Before Ford can reply, the Jersey Devil shows up again, but is captured by the Sibling Brothers, who give Ford the chance of taking credit for finding the monster if he gives them the pictures of Stan stealing the chain back so they can collect the reward — otherwise, the Sibling Brothers will frame both Pines twins for the theft. Ford allows Shanklin (Stan's pet possum with a knife strapped to its back) to attack the brothers and free the Jersey Devil. Overcome with anger, the Sibling Brothers call the Pines twins "freaks", but the circus freaks overhear them, become offended, and begin chasing them as Stan and Ford head home. Although Stan returns the chain and Filbrick discovers why Stan stole it, Filbrick still grounds both Stan and Ford for the entire summer, but the twins find solace in each other's company.

The story ends with a flashforward to present-day Stan and Ford preparing to set sail on the Stan-O-War II, and a short ballad detailing some of their adventures on the seas.

===Epilogue===
Shmebulock breaks the fourth wall by ranting about the potential for the stories he told to be adapted into either a film or miniseries, and also disclosing that he presumably has more adventures for another "season". Shmebulock tells the reader of the existence of a secret message hidden in the book, but before he can disclose anything else, dawn breaks and his curse goes back into effect.

==Publication history==
Gravity Falls is an animated television series created by Alex Hirsch. It aired over two seasons, with the finale having aired on February 15, 2016. In subsequent interviews about the show, Hirsch mentioned he considered creating comics for the series, using various ideas that were not used for the show as they were considered too short, "weird" or "specific".

The graphic novel was first announced as Untitled Gravity Falls the Graphic Novel at the D23 Expo in 2017, during a shared panel with Star vs. the Forces of Evil. Through an online jigsaw puzzle via Twitter called Puzzling Pines, the cover art for the book was released on February 15, 2018; which also was the 2-year anniversary of the show's conclusion. The book was released on July 24, 2018, as part of a dual merchandise release with the Shout! Factory-produced complete series box set, with an estimated sales of 702 copies in the subsequent month.

Lost Legends also contains series of codes that lead to a companion website called "shmeb-you-unlocked". On it, there is additional tie-in content and comics as well as additional codes which are deciphered using a key found within the box set for the series. A German translation of Lost Legends was published in February 2025.

==Critical response==
Gravity Falls: Lost Legends has been generally well received by fans. In August 2018, the book appeared on The New York Times Best Seller list.
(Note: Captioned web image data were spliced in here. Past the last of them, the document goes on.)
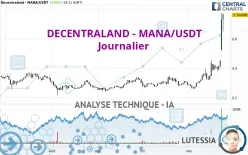 DECENTRALAND - MANA/USDT - Journalier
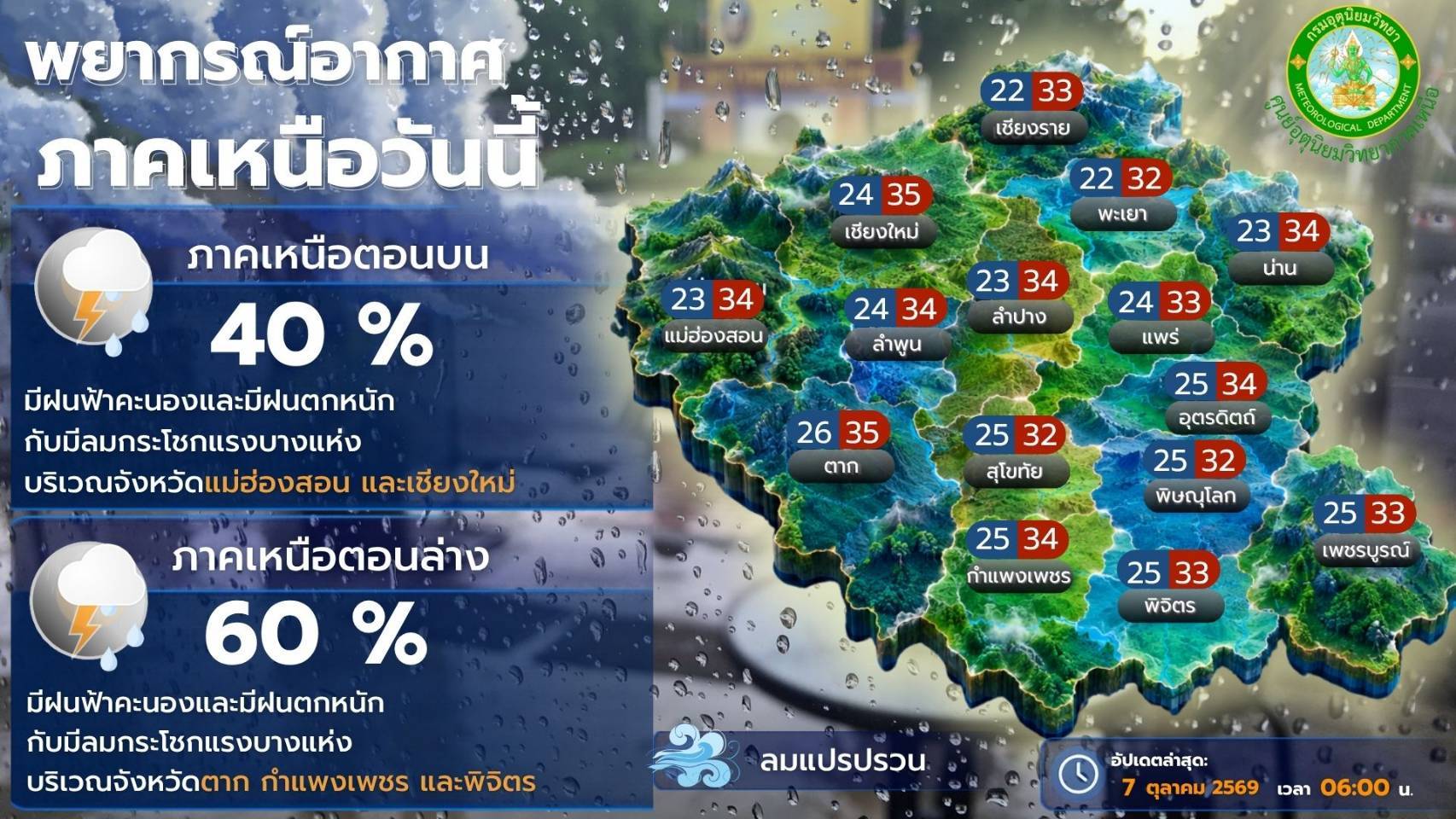 ลำปางวันนี้มีฝนฟ้าคะนองร้อยละ 30 ของพื้นที่ เตือนประชาชนระวังฝนตกหนัก ลมกระโชกแรง และน้ำป่าไหลหลาก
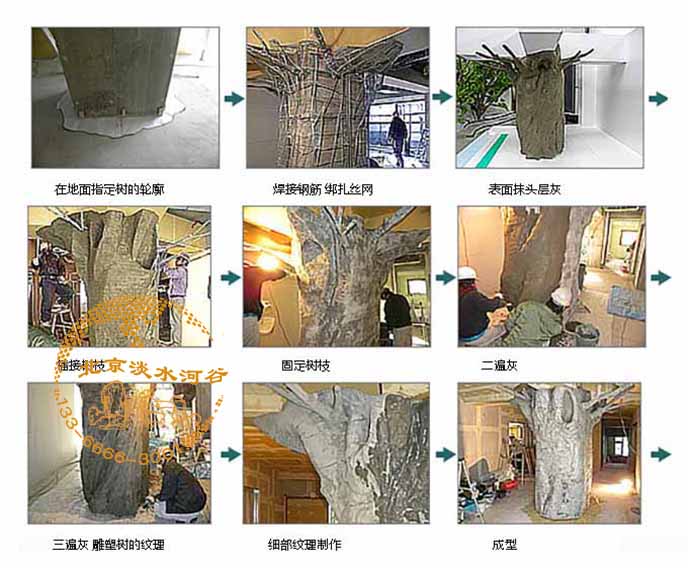 柱子變成假樹.jpg 柱子變成假樹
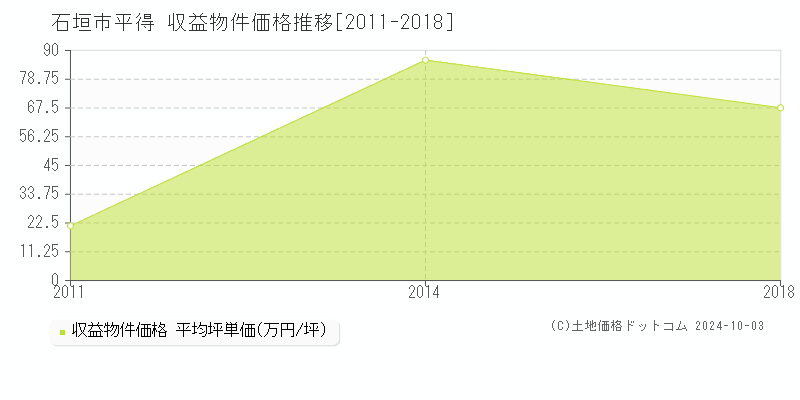 平得(石垣市)の収益物件価格推移グラフ(坪単価)[2011-2018年]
It has been praised for its "brilliant application" of the comic medium, especially with one story Comix Up making reference to various art styles of other renowned comics. The four stories have been welcomed as "faithful additions" to the Gravity Falls series and considered "a love letter to the fans from Alex Hirsch himself". Capturing the "charm" of the TV series, the graphic novel includes cryptograms scattered throughout the stories and exploration of morals just like the episodes in the show, with each character "learning something important about themselves" at the end of each story.